I can definitely see the influence of The Americans, but I think what sets this work apart is that you’re very much a part of the culture you’re photographing, right? With Reason Purpose, there’s a closeness that just comes by virtue of being Turkish.
That makes things easier. I can see their feelings. I know what they’re going to do next. I know why they’re there, what they are feeling, but I don’t really feel connected to any of those groups.
It’s rare that black-and-white and color work well together in the same thing. Usually, something is all black-and-white or it’s all color, but the book has a fascinating design that works really well and juxtaposes the two. As you were shooting, how did you decide between black-and-white and color for any given event?
Honestly, I didn’t. I just grab whatever I have at the moment, but I always knew that I have black-and-white in my camera or I have color in my camera. I really have a different approach and way of thinking of them. They are different in terms of feelings, so I always knew the difference. It’s a long-term work. It was like 10 years. I was always using black-and-white and color at the same time. That’s why I couldn’t put together all this work for a long while in an exhibition or on my website or in a book form.
For me, street photography in Istanbul should be in black-and-white because it’s a darker city with too much dust. I always saw Istanbul in black-and-white. If I am going outside and shooting in daily routine, I prefer black-and-white, but some events were very colorful—the flags, all the other things there. So I thought there should be color as well, but it wasn’t a very clear decision beforehand that I should go that way or this way. It was really difficult to put them together. I just took a rangefinder camera, and just took the film that I wanted with me. If it is a political rally, I knew that there would be colorful flags, Turkish flags or party flags in orange and red. So I took color film with me. When I’m going to other places, like small municipalities out of city center, I know there won’t be something colorful. There will be old veterans in old clothes. I want to do this in black-and-white. It depends on the gathering.
What about the design? How was that conceived?
In terms of the design, this book came out in a workshop called Book Lab. Okay Karadayilar and Frederic Lezmi invited me there to make a book dummy with other artists and photographers. They have been doing this for three years. Okay proposed to do it this way using horizontal photographs and dividing them into two verticals, and I was a very conservative photographer in terms of my work and using them like this. But then I suddenly remembered David Alan Harvey’s book about Rio. You know, he has a very good design, using horizontal photographs and dividing them into two pages. I thought it was going to work great with this book. It also reminded me of Boris Mikhailov’s Tea Coffee Cappuccino. He’s also using two horizontals and combining them together in a very nice way, but in both of those books, they are using the diagonals and the shapes. My photographs are mostly working in terms of content.

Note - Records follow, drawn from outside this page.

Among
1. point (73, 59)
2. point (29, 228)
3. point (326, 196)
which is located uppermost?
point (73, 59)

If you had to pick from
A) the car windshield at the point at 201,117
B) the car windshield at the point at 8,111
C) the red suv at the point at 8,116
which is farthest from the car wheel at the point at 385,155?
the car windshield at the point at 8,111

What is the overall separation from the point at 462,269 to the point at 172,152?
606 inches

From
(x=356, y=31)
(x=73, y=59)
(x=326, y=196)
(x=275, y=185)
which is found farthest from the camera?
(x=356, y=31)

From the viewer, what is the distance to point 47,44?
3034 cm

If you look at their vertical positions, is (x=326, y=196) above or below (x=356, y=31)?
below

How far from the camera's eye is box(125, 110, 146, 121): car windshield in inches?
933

It seems to me that Turkey is living several layers of history at once. In the book, it’s like two different eras of Turkey’s history communicating with each other, but it’s just from the last ten years.

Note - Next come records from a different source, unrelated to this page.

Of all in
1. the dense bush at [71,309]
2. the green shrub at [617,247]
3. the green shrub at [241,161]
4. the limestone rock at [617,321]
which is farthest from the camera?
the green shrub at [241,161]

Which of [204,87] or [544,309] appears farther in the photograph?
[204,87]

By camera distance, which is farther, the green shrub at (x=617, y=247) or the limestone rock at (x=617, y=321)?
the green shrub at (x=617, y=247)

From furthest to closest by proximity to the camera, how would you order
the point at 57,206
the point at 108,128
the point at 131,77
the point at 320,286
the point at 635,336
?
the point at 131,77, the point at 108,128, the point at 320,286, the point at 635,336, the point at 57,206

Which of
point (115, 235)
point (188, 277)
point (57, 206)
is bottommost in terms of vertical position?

That’s true. You are totally correct. I totally agree with you. There are these historical layers, but it’s something else. We are between East and West. We are between positivist ideas from West and religious ideas from East, but it’s always a clash in between those two. I think this is where it’s all coming from. It’s causing a struggle for individuals as well. It never ends. You always have this struggle in between yourself, thinking about the ideas you’re raised with, with the education you get. There’s always a clash between those two.
What are some of the things you learned in the process of working on this, both in photographing and then making the book?
I think it taught me the importance of working together with a good editor. We started looking at photographs and we edited it in an order. Then Frederic Lezmi came and looked at them and made another order. It was his brilliant idea to match most of them. I can’t thank him enough for this.
Also the importance of working with a good designer. Okay Karadayilar came here at that point, and he choose to make the design like this. It was his idea to use a red, translucent cover like this. It also resembles the color of the Turkish flag. For me, it works as the red filter we use in darkroom for black and white photographs. When you put a red filter on a color photograph, it suddenly becomes a contrasted black-and-white image. When you look at the first photograph from the color cover, you can think it’s a black-and-white image. It also fits well with the idea of using black-and-white and color. I learned the importance of a good editor and designer, but also the importance of a group of people. There were all the other artists as well. We also had each other’s work. We gave our ideas. We criticized each other’s work and books.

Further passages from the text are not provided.